Ice age Art at the British Museum – is spring here?

We visited the Ice Age Art exhibition at the British Museum this week….
Beautiful sunny spring day both in Hastings and London.
      I always like the re-designed inner courtyard of the Museum – the roof is especially striking.
     Unlike previous exhibition ordeals I have described here, the experience was almost civilised – there was no queue, and the rooms were tolerably uncrowded.
     The little things on show were wonderful – I don’t quite know why the exhibition organisers felt the need to show them in conjunction with modern art supposedly inspired by the pieces – I scarcely bothered to read what Picasso thought of something or other – the pieces were fascinating on their own.
     This little woman is the oldest known object made of fired clay  – she is an incredible 30,000 years old, from Moravia in what is now the Czech Republic.
      About fifteen years ago Battleaxe went through a ‘goddess’ phase – I read a number of books about the Female Divine, and collected little reproduction goddess statues, a number of which I still have. As I write, a little model of the 20,000 year old  ‘Venus’ of Willendorf sits, all vast saggy tits and tummy, on the shelf above me.  Here she is on the right of the picture, together with the more recent Lioness Goddess from Catal Hoyuk in Turkey (about 9,000 years old), and a typical ancient Middle Eastern clay female figurine, about 5,000 years old – 
     However, as time passed, the notion of the Great Mother Goddess became less interesting to me – we actually know so little about how ancient people thought, felt and viewed the world. I felt that the few available facts were being manipulated by ‘Goddess’ writers to fit in with their own theories about female power, and that their thinking reflected current modern preoccupations.
     I guess ancient people must have thought women’s capacity to manufacture and produce other humans pretty amazing, particularly as one reads that they apparently had little awareness of the link between sexual intercourse and childbirth. Do I even agree with that? Hmmn, not sure. I can’t quite see why that link is so difficult, particularly as most of the time the same orifice is used for both activities, and it is pretty obvious that no woman can get pregnant without having sex first.

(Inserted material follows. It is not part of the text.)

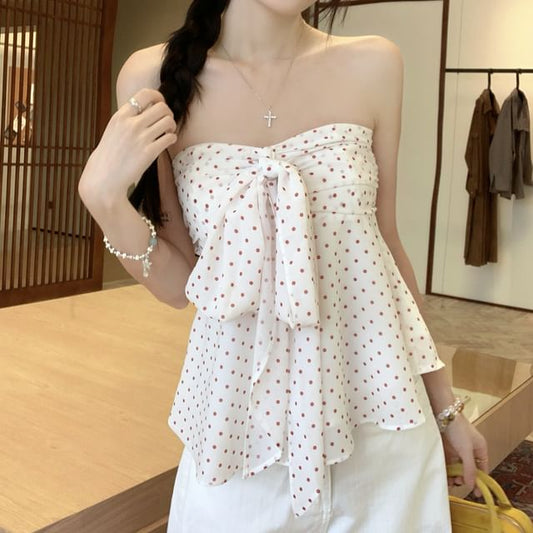 Flowy Bow-Adorned Tube Top with Polka Dots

     Childbirth must have been painful, scary and risky for them – fraught with danger, and with a high likelihood of mortality. Maybe people felt the need to make, and carry round, little good luck charms shaped like women who had borne many children – and survived.
     The curators of the exhibition speculated about why the statuettes of women have no faces – again, from what felt to me a modern perspective around ‘sex objects’. Given that, even today, many women in the world go round with their faces hidden because of some magical belief system, I don’t think we can begin to imagine what people thought about these things 40,000 years ago…..

     The animal depictions were far more life-like. No-one knows why. Philosopher wondered what happened to all the ‘practice’ pieces that weren’t so good – the only examples we see are perfect.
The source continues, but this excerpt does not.